Rabbit skin tissue was harvested and rinsed with PBS containing antibiotics. The tissue was then cut into small pieces using sterile scissors. Subsequently, the pieces were immersed in PBS with 0.2% Dispase II (Aladdin, D743370) and incubated at 37 °C for 8 hours to facilitate the separation of the epidermis from the dermis. A 0.1% collagenase solution (Merck, C0773) was added, and the mixture was incubated at 37 °C for 2 hours to digest the dermal tissue. The cell suspension was filtered through a cell strainer to remove undigested tissue fragments, and the filtrate was centrifuged at 1000 rpm for 5 minutes to isolate the cells, which were subsequently cultured in DMEM supplemented with 10% fetal bovine serum and 1% antibiotics (32).

Cells were seeded onto the hydrogels and cultured for 72 hours.

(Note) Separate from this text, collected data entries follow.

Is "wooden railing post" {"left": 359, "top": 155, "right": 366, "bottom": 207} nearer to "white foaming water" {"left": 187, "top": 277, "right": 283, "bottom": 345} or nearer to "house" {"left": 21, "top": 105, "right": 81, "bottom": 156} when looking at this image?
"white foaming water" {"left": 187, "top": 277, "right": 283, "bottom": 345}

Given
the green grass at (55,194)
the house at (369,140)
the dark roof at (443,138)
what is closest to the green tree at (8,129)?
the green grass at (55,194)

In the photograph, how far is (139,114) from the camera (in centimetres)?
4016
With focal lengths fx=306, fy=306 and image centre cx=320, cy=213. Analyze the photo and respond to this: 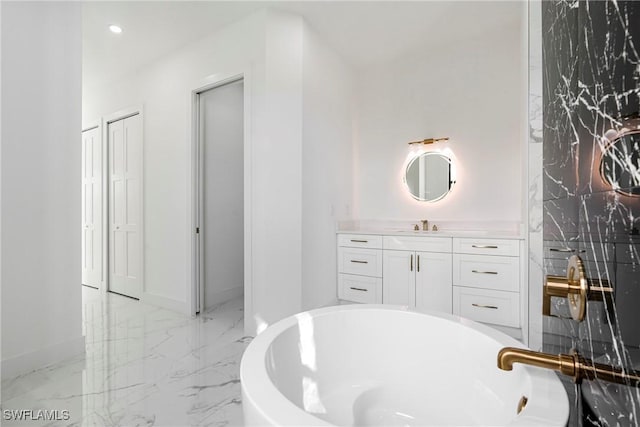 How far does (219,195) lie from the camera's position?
3.35 metres

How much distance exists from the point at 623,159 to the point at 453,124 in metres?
2.84

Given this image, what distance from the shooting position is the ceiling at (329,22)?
2.46 meters

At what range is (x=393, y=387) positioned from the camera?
126cm

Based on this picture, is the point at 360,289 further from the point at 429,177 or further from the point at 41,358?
the point at 41,358

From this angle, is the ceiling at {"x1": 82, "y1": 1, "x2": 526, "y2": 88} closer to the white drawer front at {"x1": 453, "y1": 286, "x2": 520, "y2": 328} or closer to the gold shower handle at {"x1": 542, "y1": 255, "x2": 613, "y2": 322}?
the white drawer front at {"x1": 453, "y1": 286, "x2": 520, "y2": 328}

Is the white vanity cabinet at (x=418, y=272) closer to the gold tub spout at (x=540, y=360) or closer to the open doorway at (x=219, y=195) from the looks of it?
the open doorway at (x=219, y=195)

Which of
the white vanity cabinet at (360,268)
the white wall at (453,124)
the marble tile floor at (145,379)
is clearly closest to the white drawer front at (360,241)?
the white vanity cabinet at (360,268)

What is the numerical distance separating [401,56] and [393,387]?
318cm

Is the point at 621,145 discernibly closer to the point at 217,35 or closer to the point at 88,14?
the point at 217,35

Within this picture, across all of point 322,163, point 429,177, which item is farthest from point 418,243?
point 322,163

Following the removal of the culture medium, the samples were gently rinsed twice with PBS to remove residual medium. A Live/Dead staining solution (DOJINDO) was applied to cover the hydrogels, and the samples were incubated at 37 °C for 10 minutes. After incubation, the staining solution was aspirated, and the samples were then rinsed with PBS to remove any excess dye. The stained cells were then observed immediately under a fluorescence microscope (Leica), where live cells exhibited green fluorescence and dead cells emitted red fluorescence.

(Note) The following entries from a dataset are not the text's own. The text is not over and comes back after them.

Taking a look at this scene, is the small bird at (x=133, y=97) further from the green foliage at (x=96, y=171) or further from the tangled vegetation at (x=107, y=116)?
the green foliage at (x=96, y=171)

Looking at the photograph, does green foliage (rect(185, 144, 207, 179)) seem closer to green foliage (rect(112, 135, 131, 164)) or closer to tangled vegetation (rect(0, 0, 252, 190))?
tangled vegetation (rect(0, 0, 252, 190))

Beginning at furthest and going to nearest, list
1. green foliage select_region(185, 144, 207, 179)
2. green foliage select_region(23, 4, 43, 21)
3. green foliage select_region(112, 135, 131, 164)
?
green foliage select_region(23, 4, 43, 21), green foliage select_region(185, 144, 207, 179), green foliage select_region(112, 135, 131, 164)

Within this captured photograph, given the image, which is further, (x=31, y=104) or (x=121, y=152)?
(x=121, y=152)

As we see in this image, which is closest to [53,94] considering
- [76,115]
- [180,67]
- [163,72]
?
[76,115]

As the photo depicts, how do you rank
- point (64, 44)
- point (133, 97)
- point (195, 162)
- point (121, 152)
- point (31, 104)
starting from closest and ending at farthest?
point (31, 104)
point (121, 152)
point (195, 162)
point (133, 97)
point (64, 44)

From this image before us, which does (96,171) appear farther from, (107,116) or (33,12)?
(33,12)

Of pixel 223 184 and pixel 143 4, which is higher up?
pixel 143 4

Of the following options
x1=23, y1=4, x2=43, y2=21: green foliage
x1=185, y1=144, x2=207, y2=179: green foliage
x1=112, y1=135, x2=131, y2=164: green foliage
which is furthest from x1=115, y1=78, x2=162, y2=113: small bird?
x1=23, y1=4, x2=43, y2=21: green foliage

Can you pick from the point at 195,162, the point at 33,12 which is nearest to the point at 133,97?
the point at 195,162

Total RNA was extracted from samples using a TRIzol reagent according to the manufacturer’s instructions. cDNA was synthesized from total RNA using a reverse transcription kit based on the kit protocol. PCR amplification was performed in a 20 μL reaction system, which included10 μL of 2× PCR Master Mix, 1 μL of forward primer (10 μM), 1 μL of reverse primer (10 μM), 2 μL of cDNA template, and 6 μL of nuclease-free water. The relative expression level of the target gene was calculated using the 2^(-ΔΔCt) method (33). Primers were designed and synthesized by Sangon Biotech (Shanghai).

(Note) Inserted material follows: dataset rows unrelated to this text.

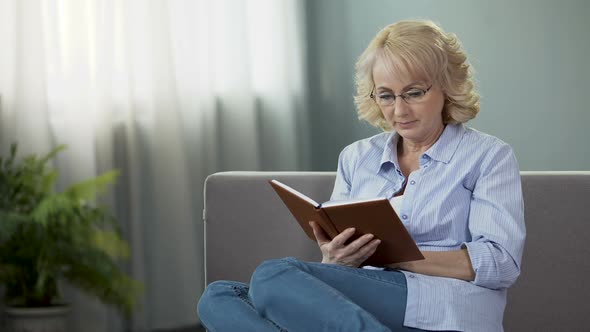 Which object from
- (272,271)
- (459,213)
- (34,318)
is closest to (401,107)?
(459,213)

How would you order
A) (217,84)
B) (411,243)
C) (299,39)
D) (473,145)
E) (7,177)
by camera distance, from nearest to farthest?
(411,243) → (473,145) → (7,177) → (217,84) → (299,39)

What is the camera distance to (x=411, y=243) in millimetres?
1773

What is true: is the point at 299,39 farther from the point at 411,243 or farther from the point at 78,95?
the point at 411,243

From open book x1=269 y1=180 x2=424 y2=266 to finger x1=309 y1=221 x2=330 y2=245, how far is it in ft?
0.04

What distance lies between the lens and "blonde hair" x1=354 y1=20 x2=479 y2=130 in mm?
1992

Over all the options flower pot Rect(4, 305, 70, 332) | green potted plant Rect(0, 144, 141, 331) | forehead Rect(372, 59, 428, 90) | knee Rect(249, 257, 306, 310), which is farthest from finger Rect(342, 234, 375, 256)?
flower pot Rect(4, 305, 70, 332)

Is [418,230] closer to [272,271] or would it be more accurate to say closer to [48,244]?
[272,271]

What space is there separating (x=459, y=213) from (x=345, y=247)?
264 mm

New Zealand white rabbits (2 kg, 2 months) were purchased from Shanghai Jiagan Biotechnology Co., Ltd. The rabbits were anesthetized using isoflurane, after which the abdominal area was depilated and disinfected. A midline abdominal incision was made to open the abdominal cavity, and the appendix was carefully identified and exposed. The appendix was scratched with a scalpel handle to create a bleeding model. In the experimental group, nhGelMA was applied to the injured area for treatment, while the control group received no treatment. After the procedure, the abdominal cavity was closed layer by layer. All animal procedures were approved by the Animal Care and Experimental Committee of Nantong University (S20250818-001).

The rabbits were euthanized after 3 days repair and the intestines were harvested. The samples were fixed in 4% paraformaldehyde for 24 hours, followed by dehydration and sectioning at a thickness of 4-5 μm. The sections were dewaxed to water, subjected to antigen retrieval, and then blocked with 5% BSA at room temperature for 30 minutes. Primary antibodies against FN (Abcam, ab286324), LAMA (Abcam, ab151715), Col1 (Abcam, ab270994), CD3 (Abcam, ab16669), and CD68 (HUABIO, HA601292) were added to the sections, which were then incubated overnight at 4 °C for 12 h. After washing containing phosphate-buffered saline with Tween 20 (PBST), fluorescently labeled secondary antibodies were added, and the sections were incubated in the dark at 37 °C for 1 hour. Finally, the sections were counterstained with DAPI for 5 minutes and observed under a fluorescence microscope. Images were captured for subsequent analysis.

All data are presented as mean ± standard deviation (SD). A t-test was utilized for comparisons between two groups, whereas a one-way analysis of variance (ANOVA) was applied. A p-value less than 0.05 was considered statistically significant.